On a very basic human level we all think we should be happy. When life becomes difficult or painful, we feel something has gone wrong.
This wouldn’t be a big problem except for the fact that when we feel something’s gone wrong we’re willing to do anything to feel well again. We may well go to our counsellor or spiritual director to try to get a route out of our problems. However we forget in our pursuit of happiness that Jesus said in Matthew 16:24 “If anyone wants to be a follower of mine, let him renounce himself, take up his cross every day and follow me. For anyone who wants to save his life will lose it; but anyone who loses his life for my sake will find it.”
We have to face the fact that difficulty is inevitable in human life, and we cannot avoid pain. We cannot avoid the reality of aging, or illness of not getting what we want, and of getting what we don’t want. These difficulties and setbacks, to name but a few, are facts of life. What really causes us misery is always trying to get away from the facts of life, always trying to avoid pain and seeking happiness – this sense of ours that there could be lasting security and happiness available to us if only we would do the right thing, find the right person read the right book or attend the right course that would “fix” things.
We need to turn this way of thinking upside down.
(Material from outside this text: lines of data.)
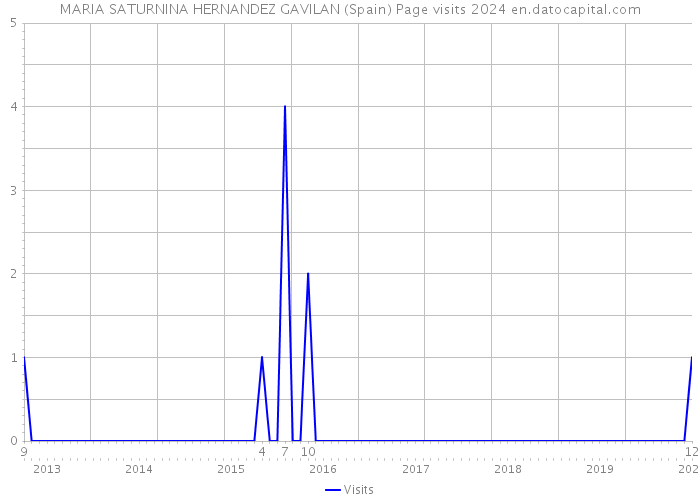 MARIA SATURNINA HERNANDEZ GAVILAN (Spain) Page visits 2024 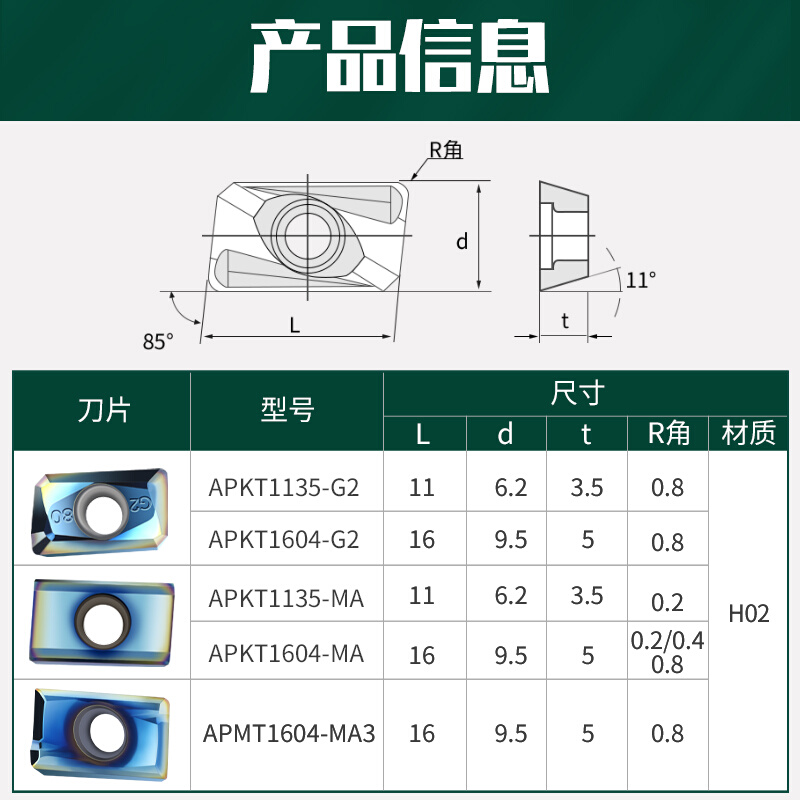 炫彩高光铝用铣刀片APKT1135/R0.2铣铝刀粒apkt 1604/R0.2PVD涂层-图2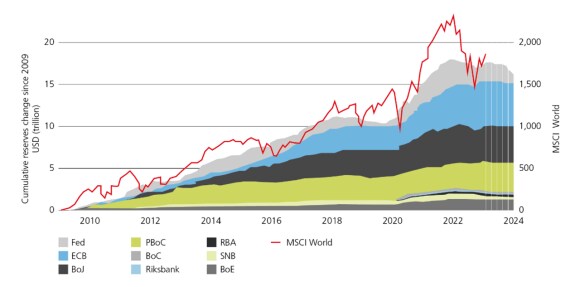 Cumulative change in central bank liquidity since 2009 (USDtn)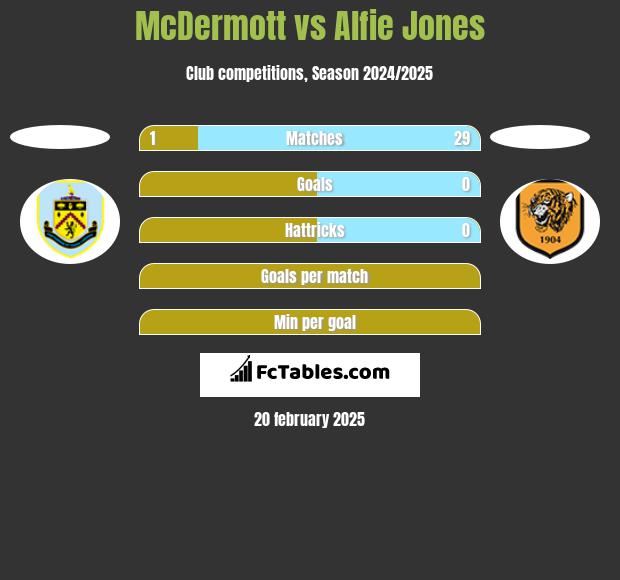 McDermott vs Alfie Jones h2h player stats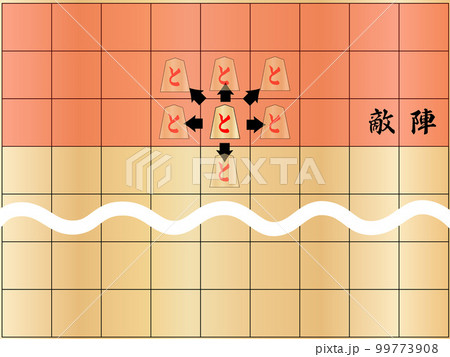 将棋の駒の動きと金 99773908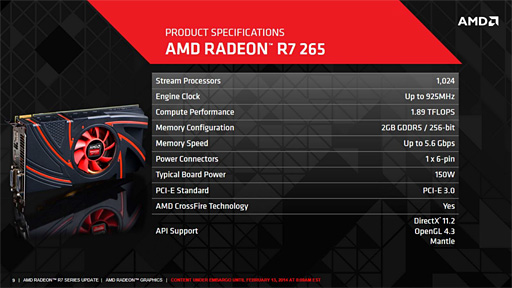 画像集#004のサムネイル/「Radeon R7 265」レビュー。“高クロック版HD 7850”は，2万円以下の市場で居場所を確保できるか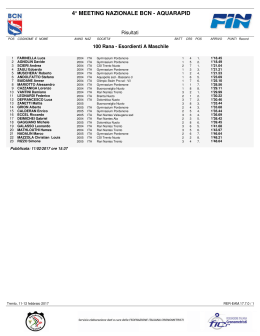 100 Rana - ASD Buonconsiglio Nuoto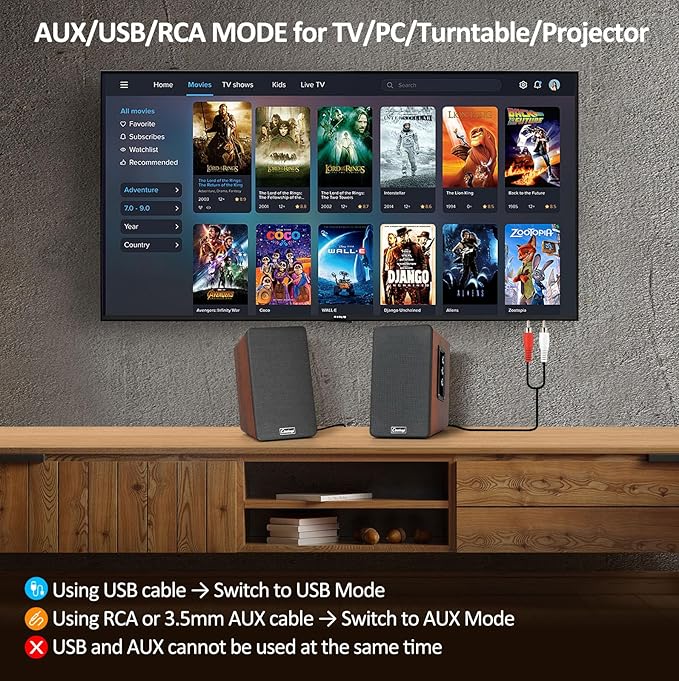 50W Wooden Bookshelf Speakers Passive 2.0 Computer SpeakersPC Speaker Bluetooth/RCA/AUX（3.5mm）/USB Inputs TV Speakers for TV/PC/Laptop/Turntable Strong Bass TV/Turntable Speaker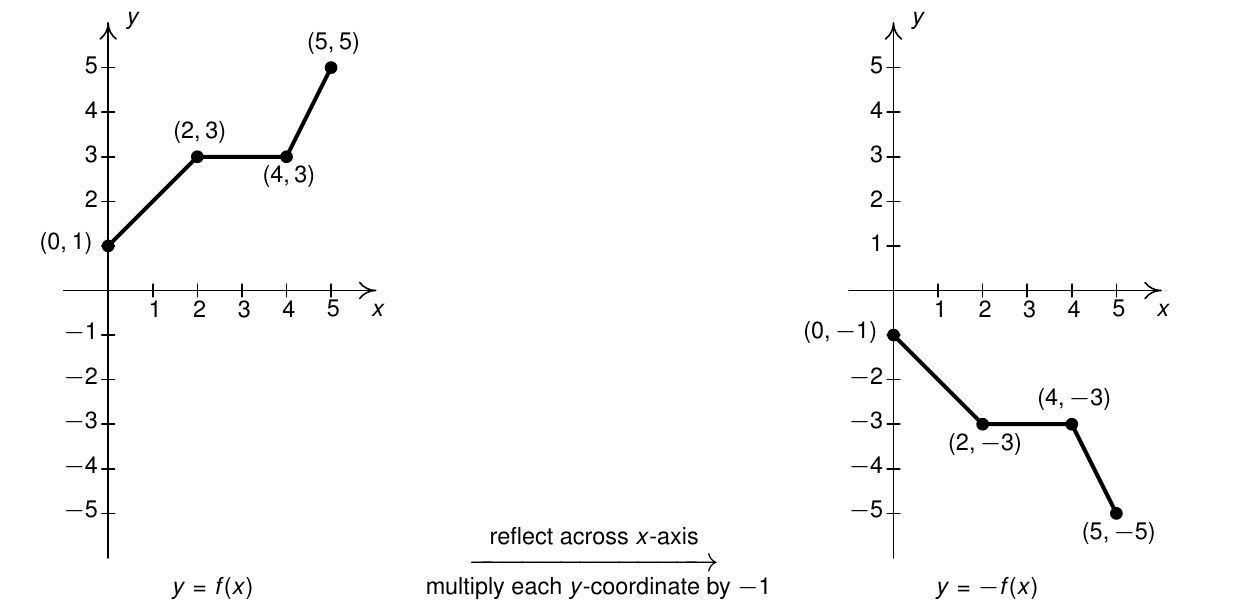 the graph of y=f(x) on the left, and the graph of f reflected about the x-axis on the right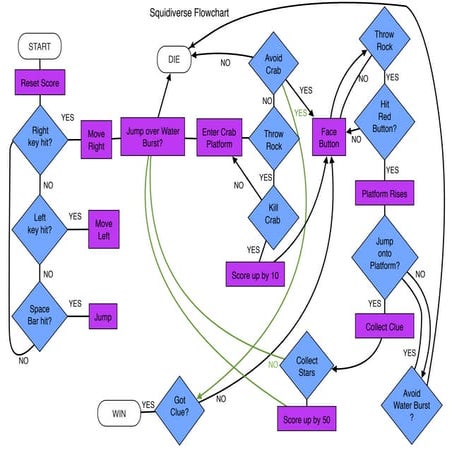 Squidiverse - Digital flow chart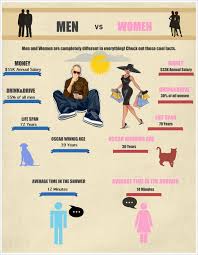 Interesting Facts About Men Vs Women Visual Ly Men Vs Women Facts About Guys Man Vs
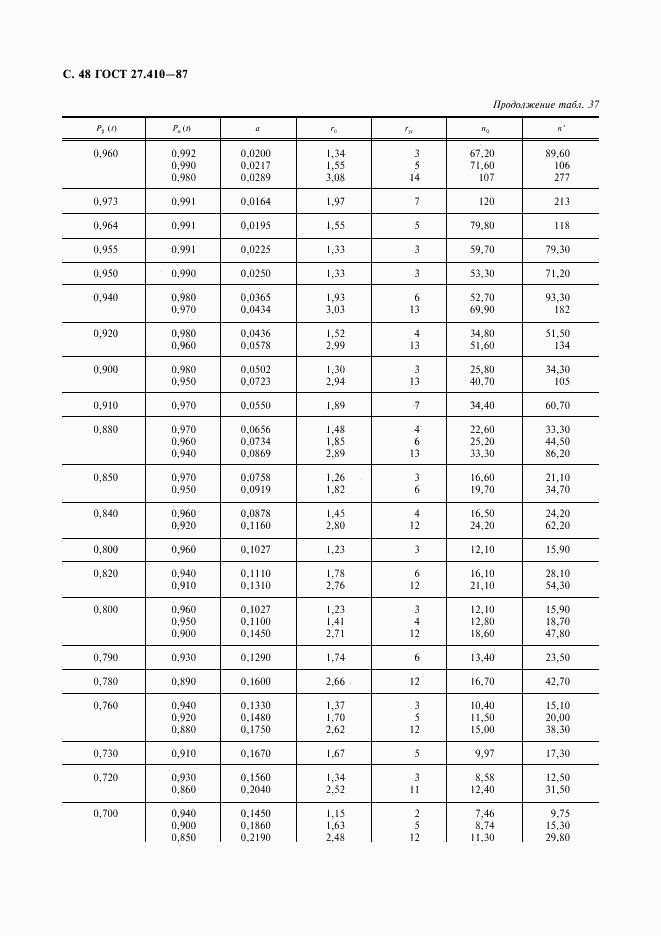 ГОСТ 27.410-87, страница 49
Suffering has a great deal to teach us. If we use the opportunity when it arises, suffering will motivate us to look for answers. Many people come to the spiritual path and experience a lasting spiritual breakthrough precisely because of suffering – something they would never have experienced in calmer and more pleasant days. Suffering and pain can also teach us empathy for others who are in the same boat. Furthermore suffering can humble us. Even the most arrogant among us will be softened by the loss of someone near and dear.
Yet it is so basic in us to feel that things should go well for us, and that if we start to feel depressed, sad, lonely inadequate or out of sorts, there’s been some kind of mistake or we’ve lost it. In reality, when you feel depressed, lost, lonely, overwhelmed, or any unwanted feelings you may have, this is an important moment on the spiritual path. This is where real transformation and change can take place. Did not Jesus also say in Matthew7:13 “Enter by the narrow gate, since the road that leads to perdition is wide and spacious, and many take it; but it is a narrow gate and a hard road that leads to life, and only a few find it.”
As long as we’re caught up in always looking for certainty and happiness, rather than honouring the taste and smell and quality of exactly what is happening to us, as long as we’re always running away from discomfort, we’re going to be caught in a cycle of unhappiness and disappointment. What’s especially encouraging is the view that inner strength – the power of the Holy Spirit – is available to us at just the moment when we think we’ve hit the bottom, when things are at their worst.
“There is nothing I cannot master with the help of the One who strengthens me.” (Phillipians 4:13). But it means total surrender to Christ who has once for all carried all our traumas, pain and suffering and transformed them. It means giving up our attempts to fix anyone especially ourselves or others. There is a Greek word for this, kenosis, meaning absolute surrender and availability to the grace and working of the Spirit within.
We can ask ourselves, “Can I touch the centre of my pain? Can I sit with suffering, both yours and mine, without trying to make it go away? Can I stay present to the ache of loss or disgrace – disappointment and pain in all its forms – and let it open me to a Source beyond all this which alone has the power to save me.” But first I need the rawest of raw courage to sit with all that blows me away, and little by little we learn that there is a greater Power holding and sustaining us in all of this.
Simply stay open to the difficulty, to the feelings you are going through. This is a revolutionary step. Becoming intimate with pain is the key to changing the core of our being – staying open to everything we experience, letting the sharpness of difficult times pierce us to the heart, letting these times open us, humble us and make us wiser and more brave. Don’t resist. Richard Rohr, a contemporary spiritual master wisely tells us, “What we resist, persists.”